05/10/20

Git clone over gRPC

Clone git repositories over gRPC to simplify your backend infrastructure

9 Min Read

Git supporting HTTPS and SSH for cloning always felt sufficient, until it didn't. It works perfectly fine for developers cloning a repository! But when we were building the infrastructure to power Encore's new web-based editor, we wanted to programmatically clone Git repositories, that plugged easily into the rest of our infrastructure.

Like many backends, Encore uses gRPC internally for cross-service communication. This makes it trivial to do end-to-end authentication and encryption. We really didn't want to build a whole separate authentication mechanism with SSH keys just to be able to interact with Git repositories.

Enter git-remote-helpers

Git provides a mechanism called git remote helpers that delegates communication between the git client and server to an external program. So how difficult is it be to build a git remote helper that uses gRPC instead? Very easy, it turns out!

In summary, when git encounters a remote URL called <transport>://<address> it looks for an executable named git-remote-<transport> on the $PATH. It invokes it with either one or two arguments, where the first argument is the remote name (if available), and the second argument is <address> (if available). If either argument is unavailable that argument is elided, which while annoying is not too difficult to handle.

Git remote helpers can support different capabilities and protocols for communicating with the remote server, but for our purposes the most useful (and flexible) capability is connect. The connect command is responsible for connecting to the remote server and invoking either git-receive-pack or git-upload-pack on the remote end, and connect them to stdin and stdout on the client side.
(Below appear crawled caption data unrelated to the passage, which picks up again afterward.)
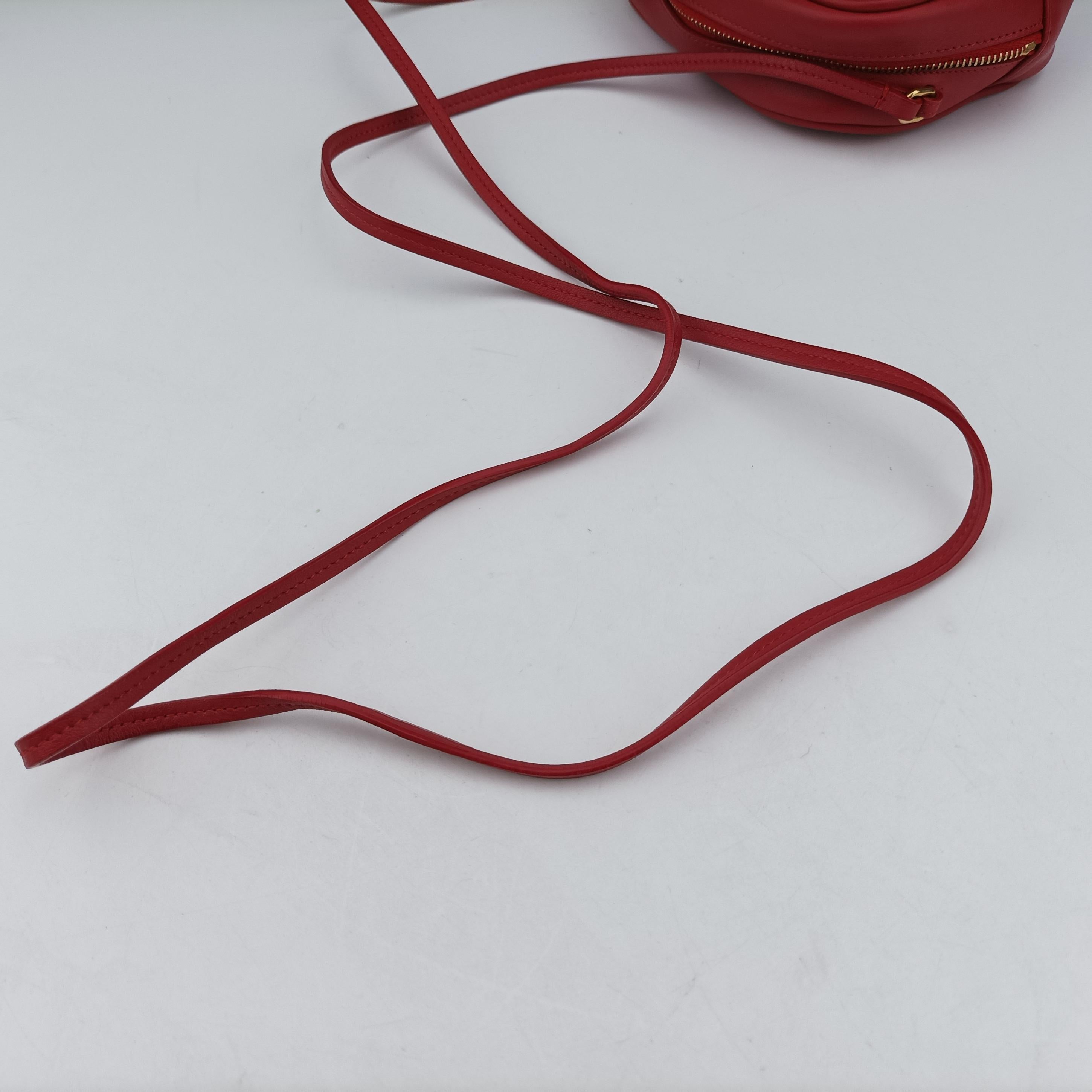 Pre-owned Yves Saint Laurent Monogram Blogger Red Leather 425317 shoulderbag | stylenewstar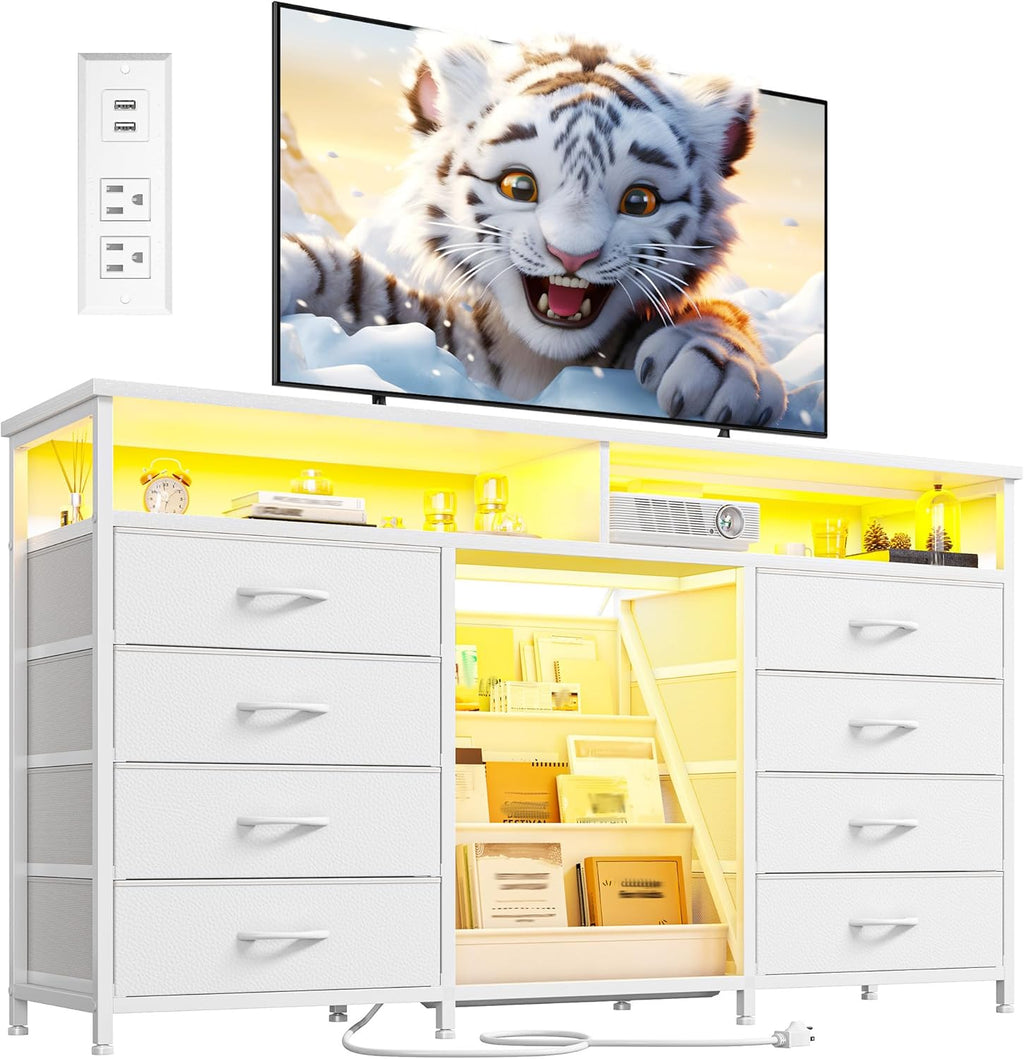 EnHomee 55 ' W Dresser for Bedroom with Bookrack & 8 Fabric Drawers, Dresser TV Stand with Power Outlet & LED Lights for 65 Inch TV, Chest of Drawers for Cabinet, Entryway, White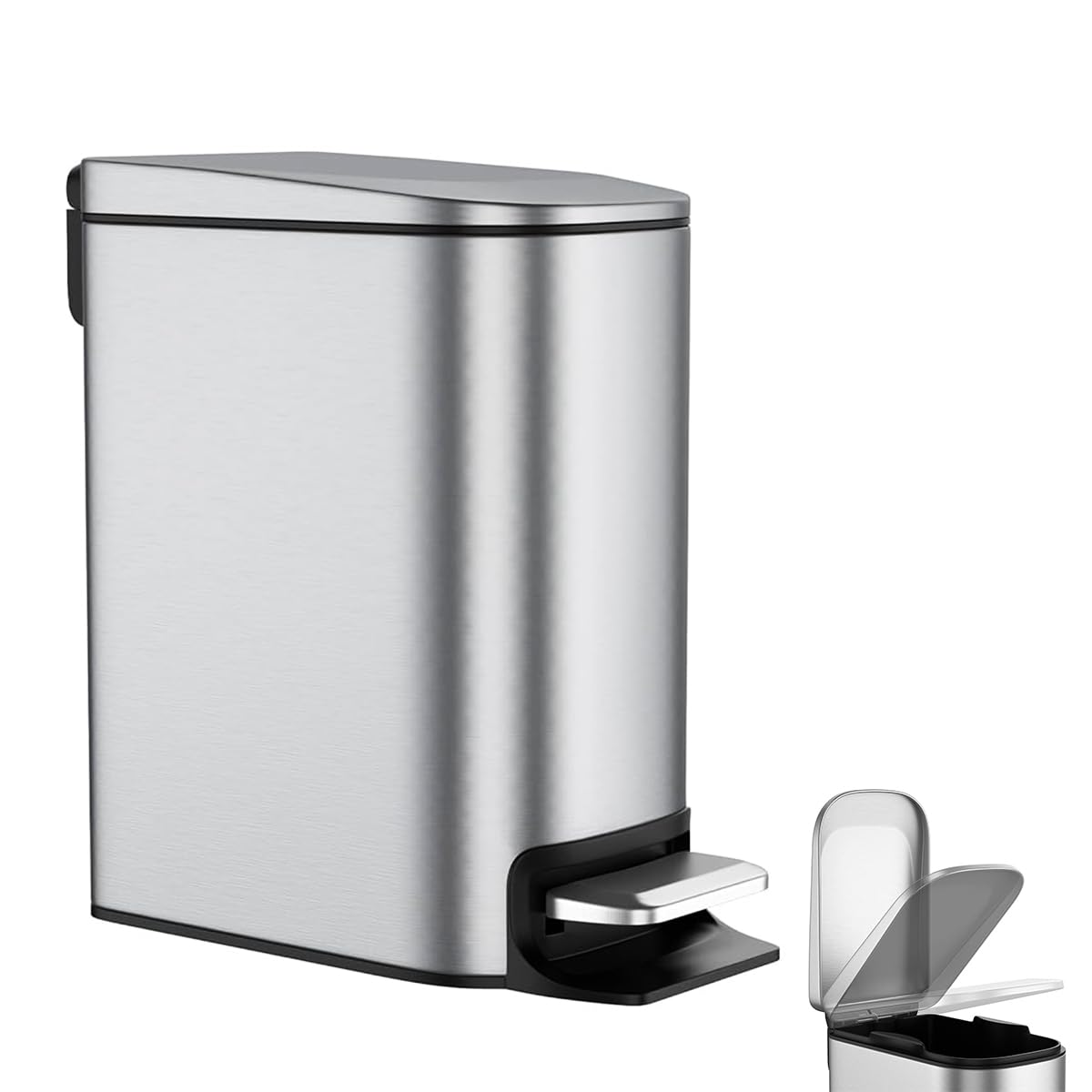 HASTHIP Slim Bathroom Trash Can for Small Spaces with Soft Close Pedal Lid 6 L Stainless Steel Bin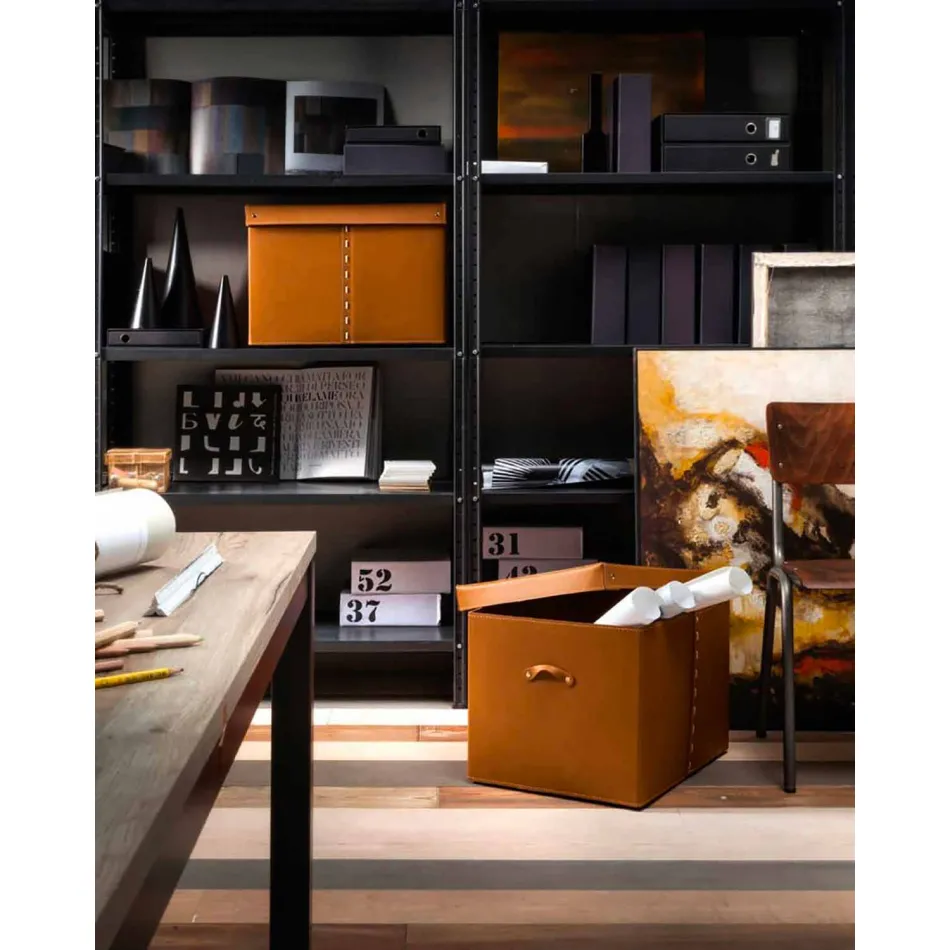 Modern Storage Box in Regenerated Leather Made in Italy - Gabry Viadurini
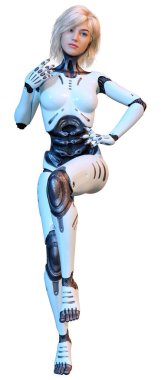 Beyaz arka planda izole edilmiş bir kadın robotun 3 boyutlu canlandırması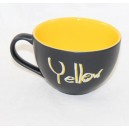 Gelbe Becher M-M'S Welt gelb gelb Schale und schwarze Keramik Cappuccino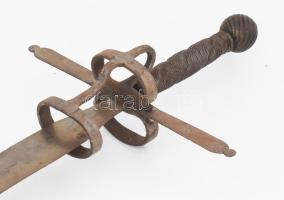 Estoc - 16. századi kard modern másolata, jelzett, h: 118 cm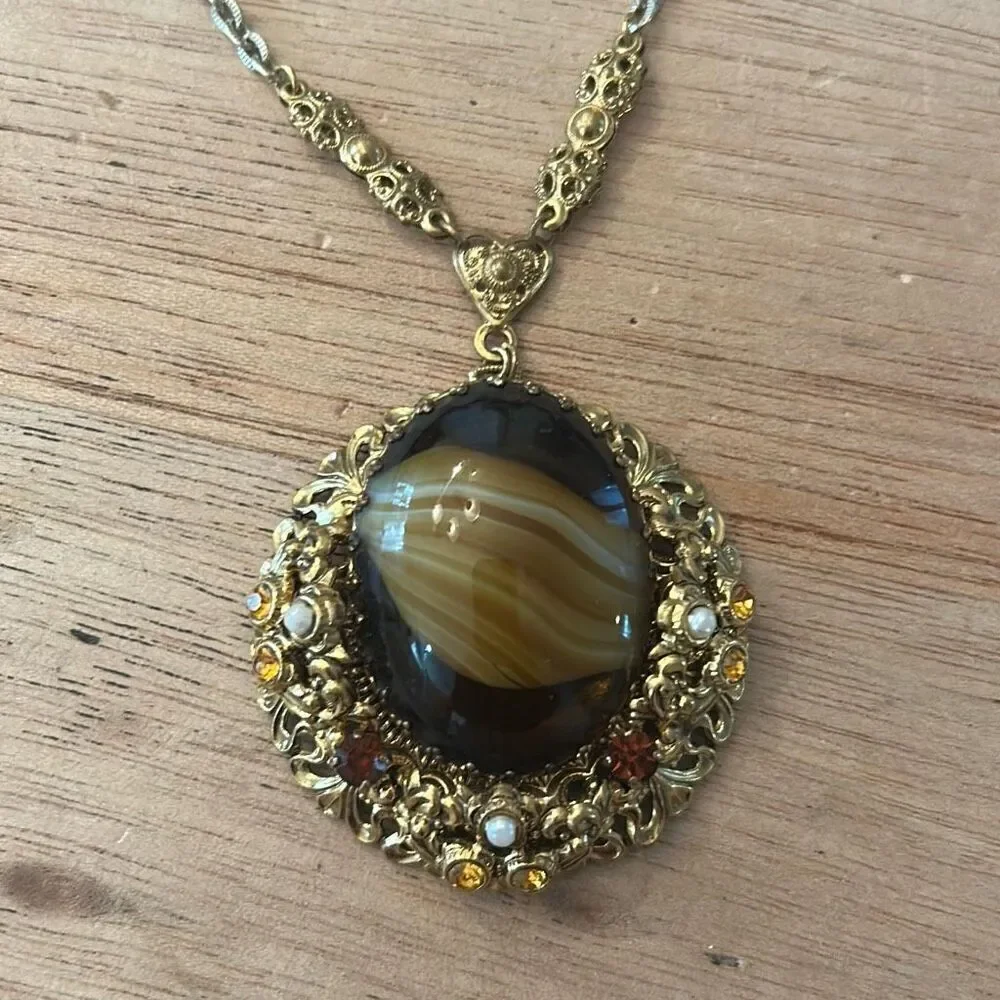 Vintage made in West Germany at gate filigree pendant with pearl and stone detai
This way we can let git handle the application protocol (which is the packfile transfer protocol – a complex beast) while we only have to implement the transport protocol.

Implementing git-remote-grpc

So with this functionality we can now build our own git-remote-grpc executable that communicates over gRPC.

If you wish to skip ahead and view the full solution, view the full source code on GitHub.

Defining the schema

The first part is to define the gRPC schema using protobufs. Since we're implementing the connect capability, which requires bidirectional communication, gRPC streams are a perfect fit.

A slightly tricky aspect is that we need to send some additional metadata to establish the connection. This includes what "service" to invoke (git-receive-pack or git-upload-pack) as well as an identifier for the repository. This is easiest to do with header metadata for the stream, so these will not be part of the protobuf schema. The schema then looks like this:

syntax = "proto3"; import "google/protobuf/empty.proto"; package gitpb; service Git { rpc Connect (stream Data) returns (stream Data); } message Data { bytes data = 1; }

We can generate the associated .go file with:

$ cd path/to/repo $ protoc -I . --go_out=plugins=grpc,paths=source_relative:./ gitpb/gitpb.proto

Implementing the client

Next let's start writing the main function to our program. Since we're only supporting the connect capability we'll implement a simple switch.

func main() { if err := run(os.Args); err != nil { fmt.Fprintf(os.Stderr, "%s: %v\n", os.Args[0], err) os.Exit(1) } } func run(args []string) error { stdin := bufio.NewReader(os.Stdin) stdout := os.Stdout // Read commands from stdin. for { cmd, err := stdin.ReadString('\n') if err != nil { return fmt.Errorf("unexpected error reading stdin: %v", err) } cmd = cmd[:len(cmd)-1] // skip trailing newline switch { case cmd == "capabilities": if _, err := stdout.Write([]byte("*connect\n\n")); err != nil { return err } case strings.HasPrefix(cmd, "connect "): service := cmd[len("connect "):] return connect(args, service, stdin, stdout) default: return fmt.Errorf("unsupported command: %s", cmd) } } }

This simply parses the commands and responds accordingly. When the connect command is invoked it delegates to the connect function, which we'll define below.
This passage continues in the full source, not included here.